Dataset excerpts:
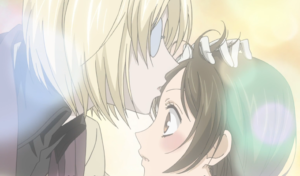 Captura de tela do anime Kamisama Hajimemashita. A imagem é dos personagens Nanami e Mikage.
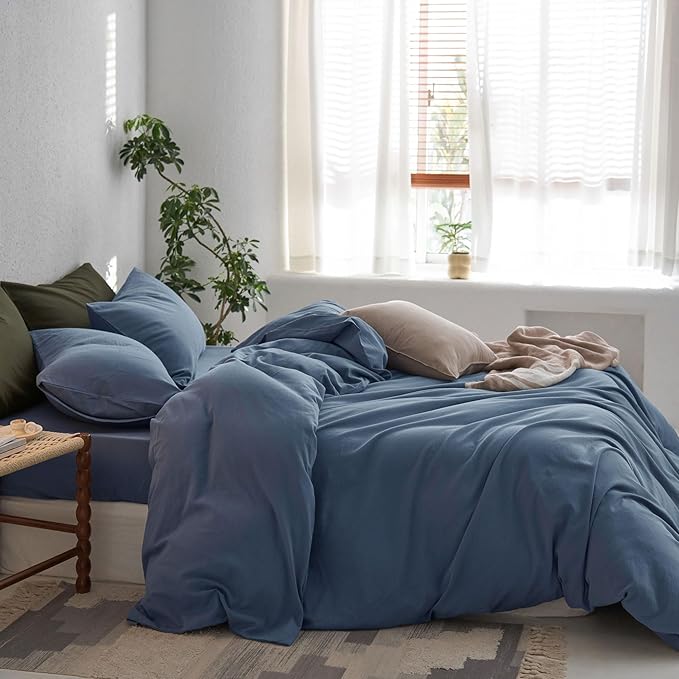 MooMee Super Queen Duvet Cover Set, 100% Washed Cotton Linen Twill Thick Sturdy Material Super Soft Breathable Durable Bedding for All Season, 3 Pieces (Blue, Super Queen 90"x98")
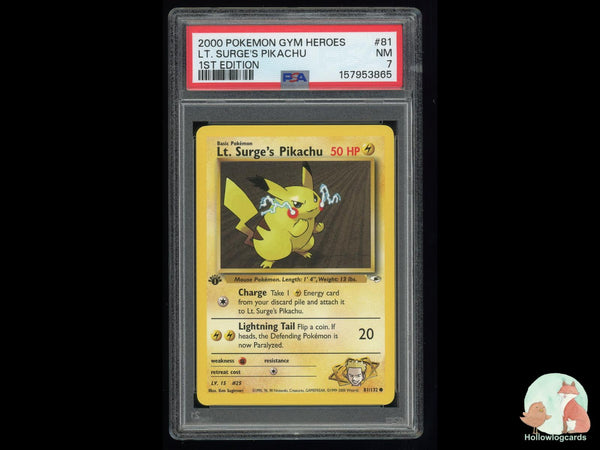 Graded Lt. Surge's Pikachu (81/132) 1st Edition Gym Heroes - PSA 7
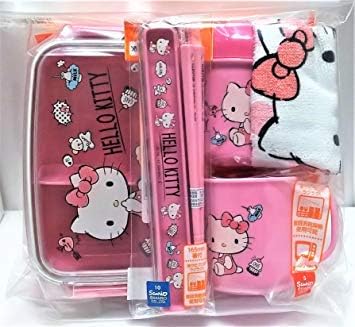 Amazon De Osk Hello Kitty Lunch Set Lunchbox Essstabchen Kunststoff Tasse Handtuch Aus Japan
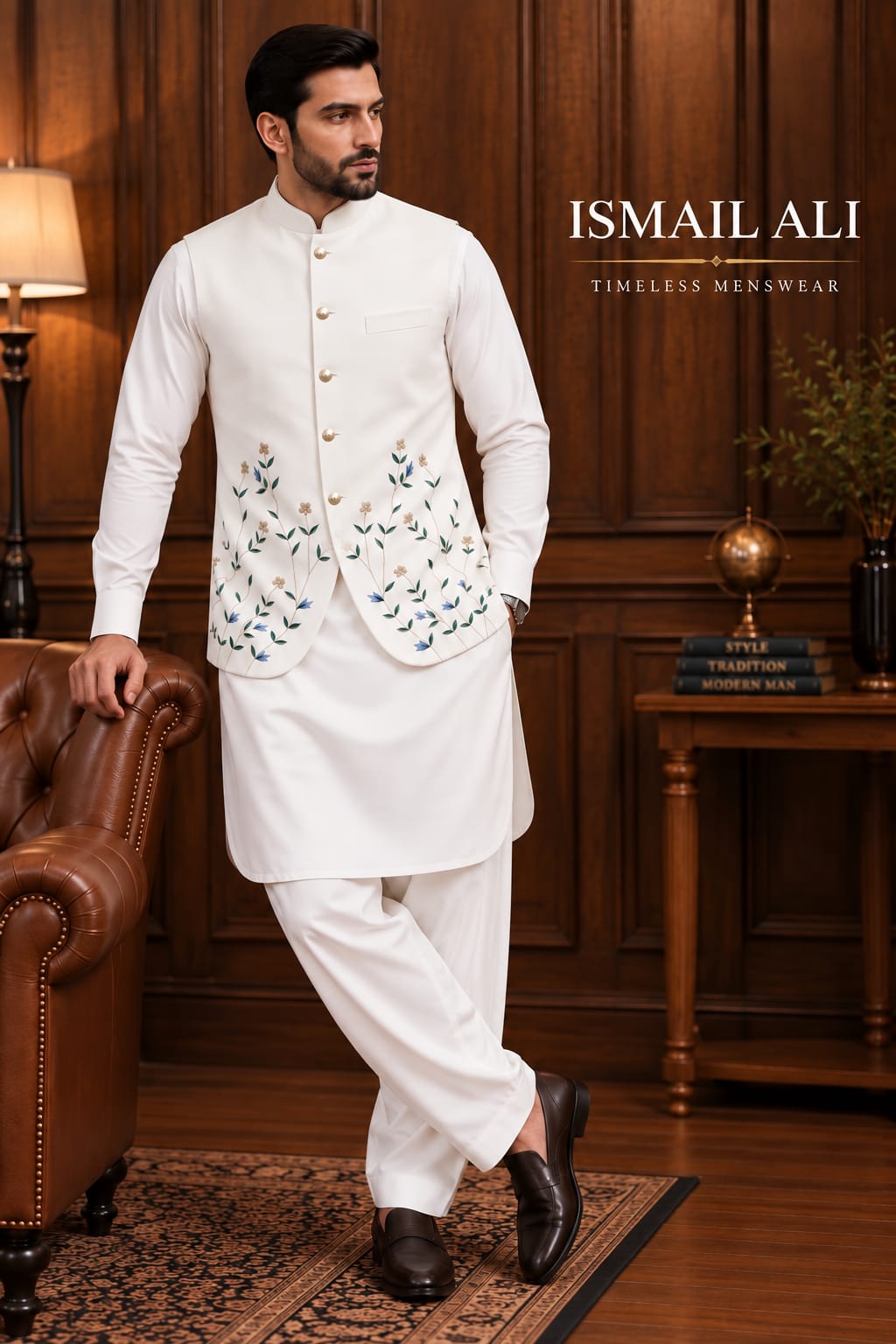 WHITE EMBROIDERED FLORAL WAISTCOAT SUIT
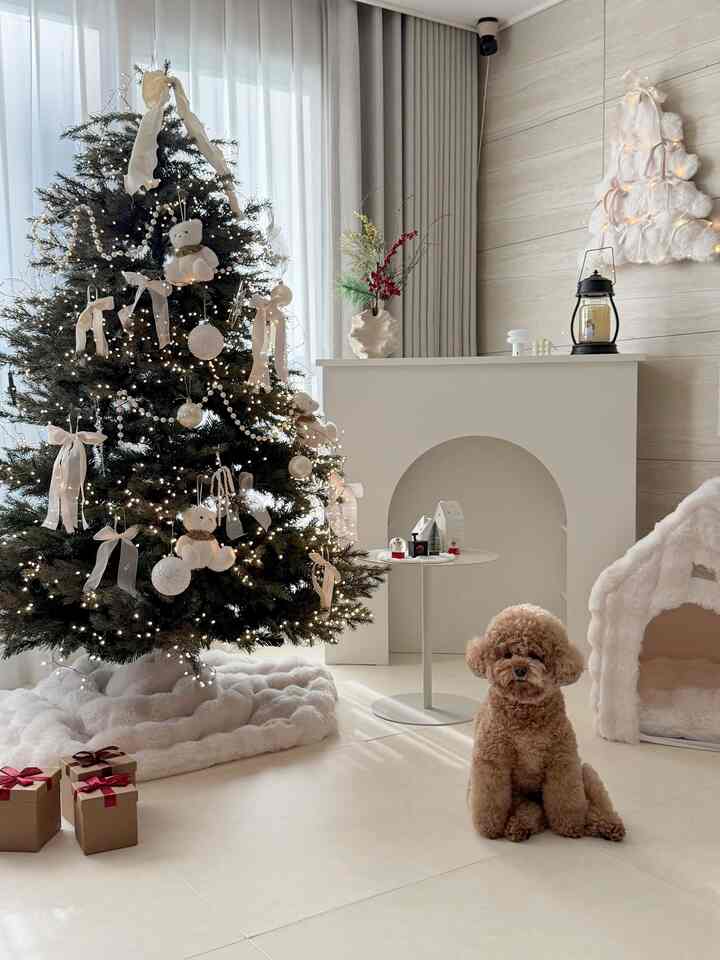 白とベージュの色調のリビングルームに、クリスマスツリー、ペットハウス、犬が配置された雰囲気のある空間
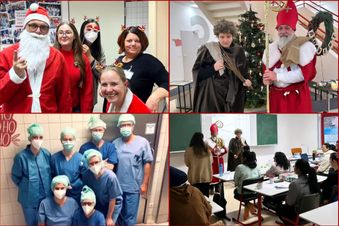 Collage mit Weihnachtsaktionen im Krankenhaus mit verkleideten Personen, OP-Team, Schulklasse und Lebkuchen.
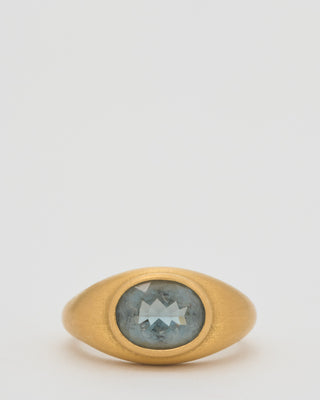 blue tourmaline faceted oval domed ring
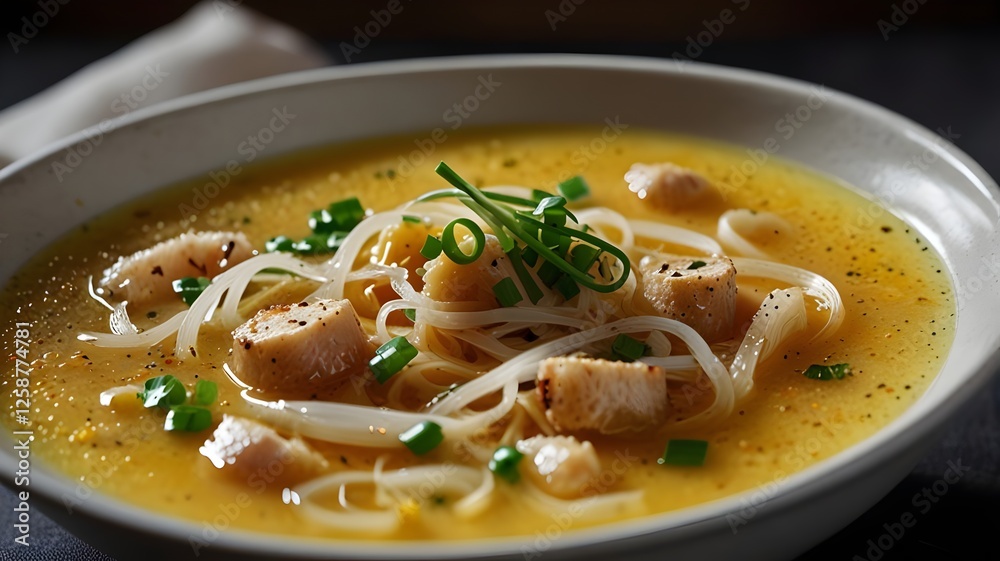 Golden Egg Drop Soup with Floating Green Onions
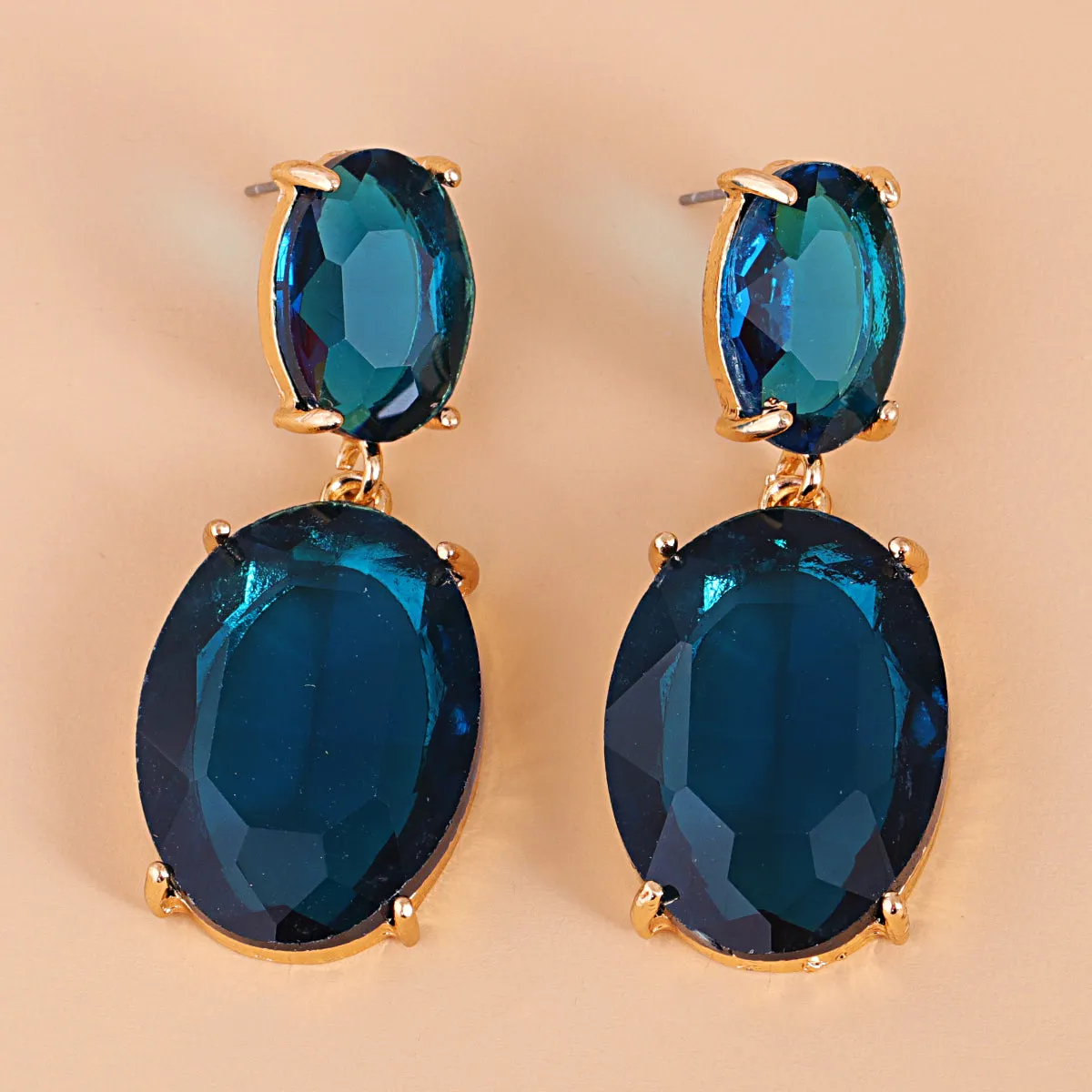 Blue Crystal & 18K Gold-Plated Oval-Cut Drop Earrings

Your objective: Without including any picture, print every record exactly as written above.

Solution:
 Captura de tela do anime Kamisama Hajimemashita. A imagem é dos personagens Nanami e Mikage.
 MooMee Super Queen Duvet Cover Set, 100% Washed Cotton Linen Twill Thick Sturdy Material Super Soft Breathable Durable Bedding for All Season, 3 Pieces (Blue, Super Queen 90"x98")
 Graded Lt. Surge's Pikachu (81/132) 1st Edition Gym Heroes - PSA 7
 Amazon De Osk Hello Kitty Lunch Set Lunchbox Essstabchen Kunststoff Tasse Handtuch Aus Japan
 WHITE EMBROIDERED FLORAL WAISTCOAT SUIT
 白とベージュの色調のリビングルームに、クリスマスツリー、ペットハウス、犬が配置された雰囲気のある空間
 Collage mit Weihnachtsaktionen im Krankenhaus mit verkleideten Personen, OP-Team, Schulklasse und Lebkuchen.
 blue tourmaline faceted oval domed ring
 Golden Egg Drop Soup with Floating Green Onions
 Blue Crystal & 18K Gold-Plated Oval-Cut Drop Earrings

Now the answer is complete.